After decades of military coercion, China’s leadership has finally grasped Karl Marx’s point that there is nothing like unfettered capitalism to destroy traditional cultures. But the ensuing resentment and anger is fuelling the flames of religious extremism even among those Tibetans and Uyghurs who are demanding autonomy, not independence. The Communist policies of assimilation and repression are unwittingly playing into the hands of Al-Qaeda’s operations in the border region of China and Central Asia.
Elsewhere in China, the consequences of modernisation are producing a significant revival of religion that the Communist Party struggles to contain. Under Mao, organised religion was banned and its traditional institutions of charity and social support destroyed. Now that economic liberalisation is exacerbating poverty among China’s peasants and urban underclass, religious groups are providing help to the needy.
Confronted with growing social and political discontent – last year alone, there were more than 87,000 separate protests across China – the country’s leadership has discarded Mao’s atheism in favour of Confucian religious philosophy. Since the Party Congress of 2007, the Communists’ self-proclaimed mission is to create a “harmonious society” that fuses ancient Confucian principles with modern socialist utopianism.
This strategy has backfired. Ordinary Chinese distrust both Communism and Confucianism, viewing both as colluding with each other at the expense of the common good. Instead, the population is turning in large numbers to faith groups and spiritual movements such as the Falun Gong, which resonate with the traditional religions of Buddhism and Taoism.
Because indigenous religions like Tibetan Buddhism, Uyghur Islam and the Falun Gong are organised groups that contest the Party’s power monopoly, repression has been swift and severe. Chinese activists regularly accuse Beijing of violating the human rights of Tibetan Buddhists and Uyghur Muslims. According to the UN Special Rapporteur, Manfred Nowak, Falun Gong members make up two-thirds of all reported torture victims in China and half the labour camp prisoners.
Fearful of foreign interference, the Communist Party is also persecuting those Christians who refuse to join the officially sanctioned church bodies.
The effect has been to drive faith groups underground, where they convert people in huge numbers. Falun Gong spirituality is thought to be practised by more than 100 million Chinese. Protestant Christians who worship in illegal “house churches” number around 110 million, perhaps as many as 200 million. Taken together, organised religion constitutes a substantial and growing potential for collective opposition to the regime.
Beijing’s recent record in repression and persecution casts doubt on whether China’s economic reforms will be followed by political liberalisation and genuine religious freedom. By embracing capitalism, the one-party state offers many citizens new opportunities to consume and work.
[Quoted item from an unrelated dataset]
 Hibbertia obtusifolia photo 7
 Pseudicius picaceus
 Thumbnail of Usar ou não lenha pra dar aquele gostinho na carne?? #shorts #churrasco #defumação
But more liberty in the private sphere has been matched by a greater control of the public political realm where organised religion remains banned.
Perhaps more than the economy, it is the ongoing battle over China’s soul that will determine its identity and place in the world.
Adrian Pabst teaches religion and politics at the University of Nottingham and is a research fellow at the Luxembourg Institute for European and International Studies.